Below are several records. Retype exactly those lines running from the one with "Pink Plant (Eva Seeds) feminizada" through the one with "Plazos y métodos para desparasitar a un gato", end lines included, and no others.

◆ Task material
• • • • • • •
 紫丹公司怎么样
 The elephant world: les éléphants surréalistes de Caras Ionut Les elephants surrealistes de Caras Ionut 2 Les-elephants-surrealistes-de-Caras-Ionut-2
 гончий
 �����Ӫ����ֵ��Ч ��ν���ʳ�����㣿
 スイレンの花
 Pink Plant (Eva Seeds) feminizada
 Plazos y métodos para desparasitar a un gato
• • • • • • •
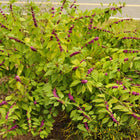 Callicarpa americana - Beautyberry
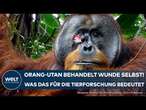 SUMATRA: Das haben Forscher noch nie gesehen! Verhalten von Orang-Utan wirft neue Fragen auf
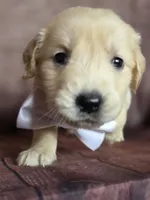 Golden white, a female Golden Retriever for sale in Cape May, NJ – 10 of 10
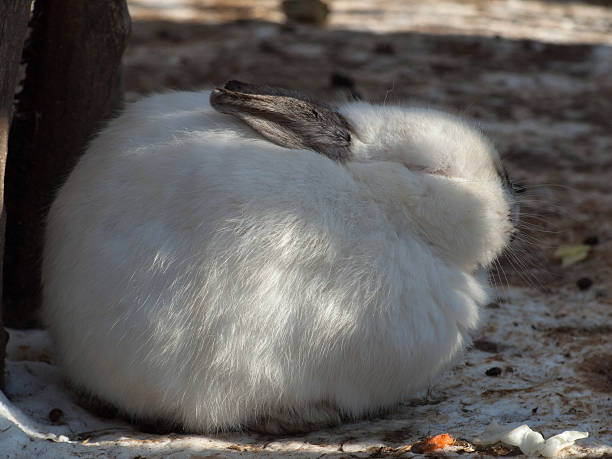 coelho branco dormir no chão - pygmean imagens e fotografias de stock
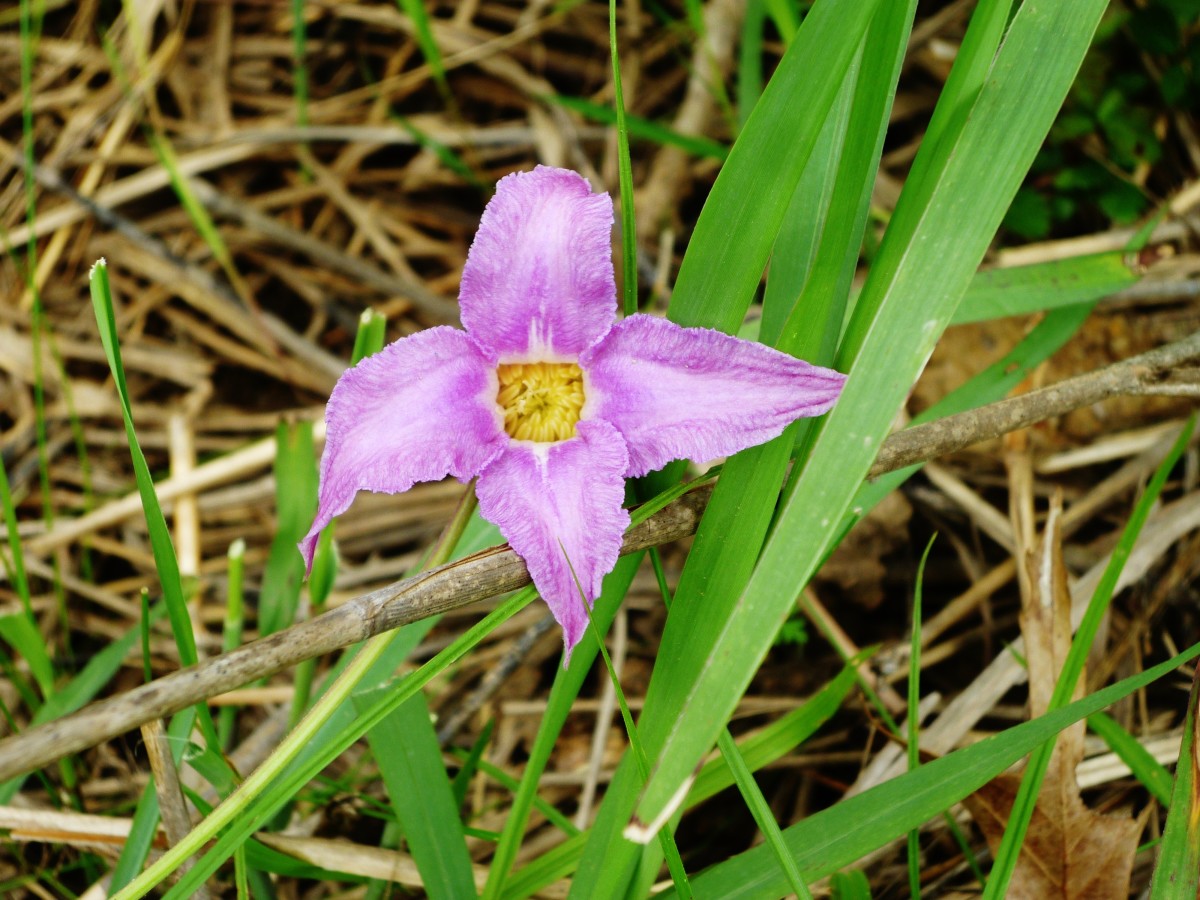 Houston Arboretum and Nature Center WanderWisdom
• • • • • • •
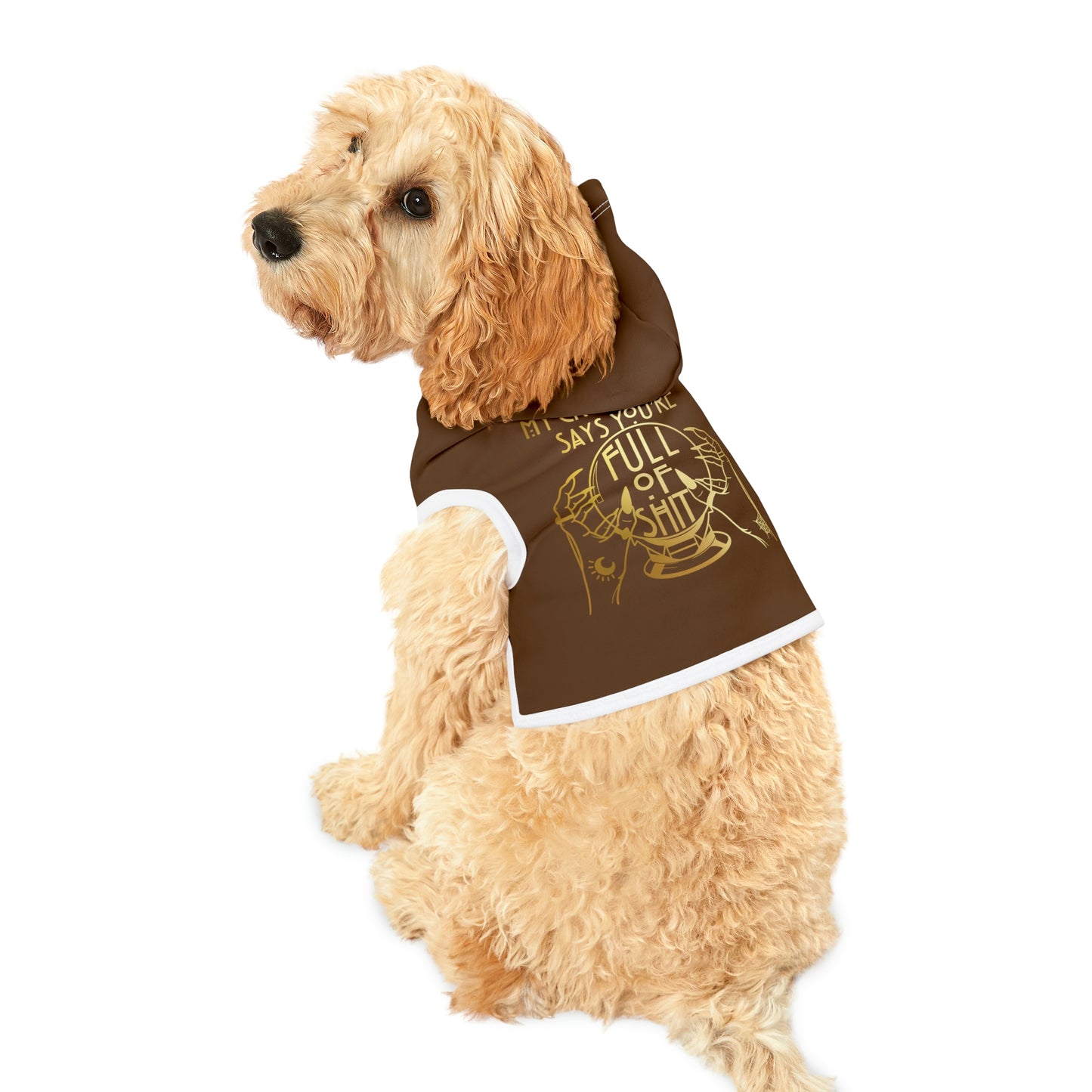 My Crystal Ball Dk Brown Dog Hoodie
• • • • • • •
◆ Solved exercise
 Pink Plant (Eva Seeds) feminizada
 Plazos y métodos para desparasitar a un gato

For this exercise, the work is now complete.